This workshop will introduce you to working with R as a statistical programming and analysis language, as well as going through the basics of how to use the RStudio editor which is a convenient and helpful interface to R.

1 R and RStudio

R is an open source programming language for statistical computing and graphics that is widely used among statisticians for data analysis. As R is a programming language and not a program itself (like Excel) we will need some programming skills, as even the simplest data analysis will require writing and evaluating small fragments of code to carry out the analysis we require. To make life easier, we will be using RStudio as an interface to write, edit, and evaluate our R code.

Both R and RStudio are available on the University network, via AppsAnywhere. Open the AppHub, search for “RStudio”, and launch it. It may take a little while to load fully the first time, so be patient.

But it is best to install R and RStudio locally on your computer. Both are free to download from the links below. Notice that you need to download R first then RStudio.

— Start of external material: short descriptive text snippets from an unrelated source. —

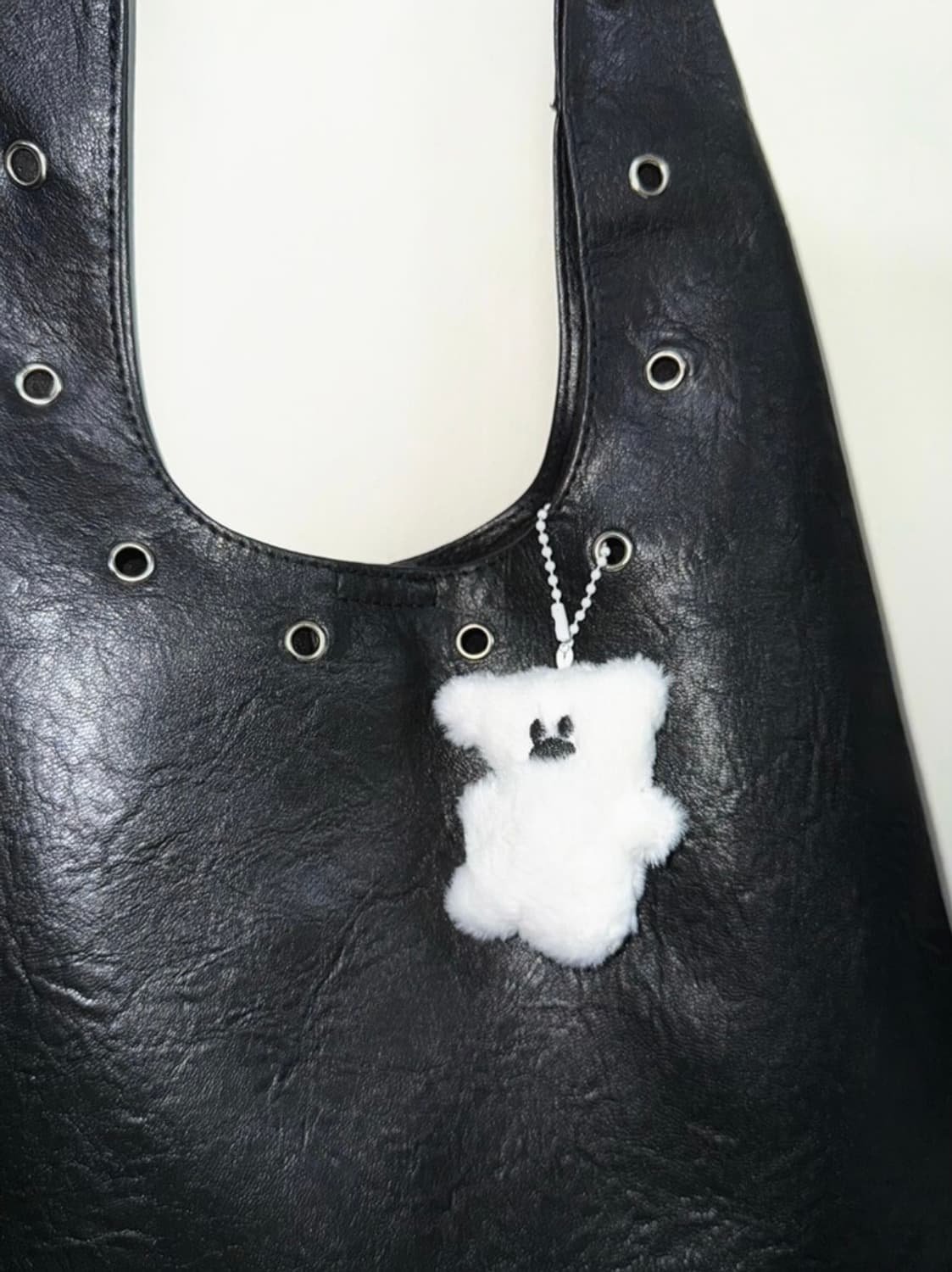 Coferry BOBU 블랙 숄더백 상품이미지2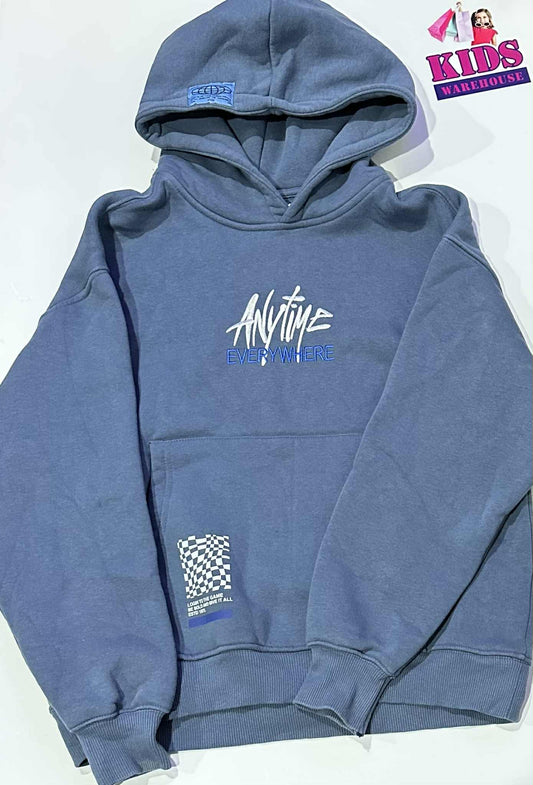 Zara Blue Hoodie Size 11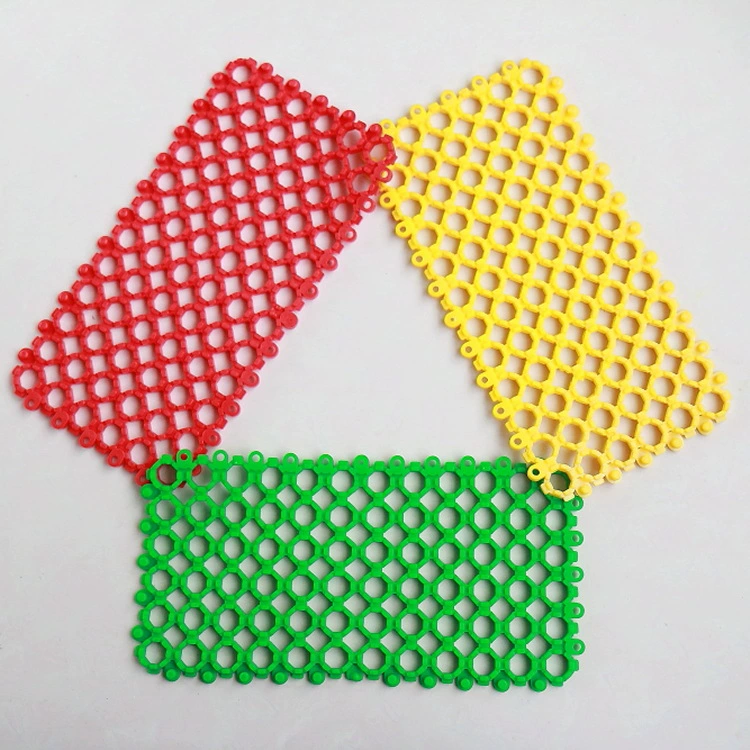 Коврик для ног кролика/морской свинки Коврик для ног в клетку для кролика Нескользящий коврик для предотвращения дерматита стопы Доступная цельная деталь может быть соединена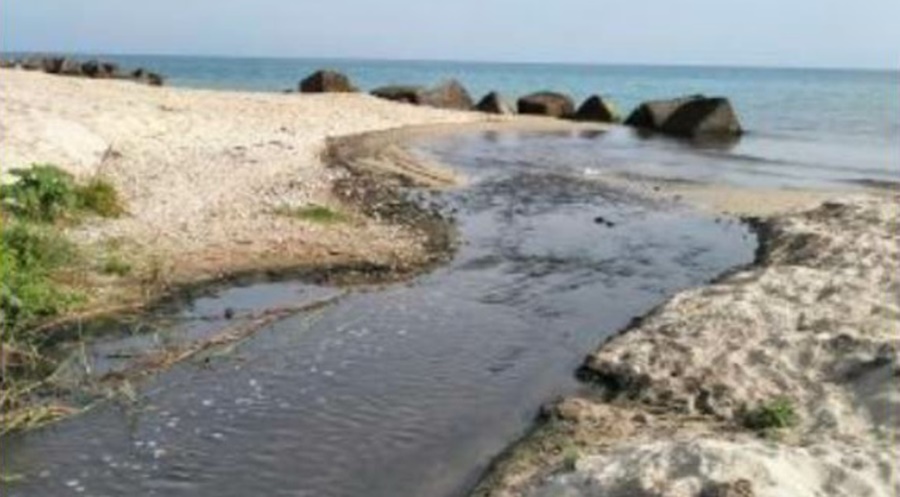 La foce del Sant'Anna a Bivona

https://cloud.r-project.org

https://rstudio.com/download/

\(~\)

1.1 RStudio environment

When the program starts, a new window will open. You’ll now see that the default RStudio environment is divided in 4 panels, with the default arrangement illustrated below. Going anticlockwise, the four panels are: Code; Console; Plots, Help, and Files; and Workspace and History.

  • Code Editor – the main editor for your R code. This should contain the workshop script file that you have just downloaded and opened. This pane is hidden at first, however when you load or start a new R script file it will be displayed. R code can be entered here, and it provides support such as auto-complete using [Tab], colour highlighting, and additional buttons and menu items to help edit and evaluate your code. In particular, a single line of code (or any selected block of code) can be evaluated in one go by typing [Ctrl]+[Enter], and the whole file can be evaluated with [Ctrl]+[Shift]+[S].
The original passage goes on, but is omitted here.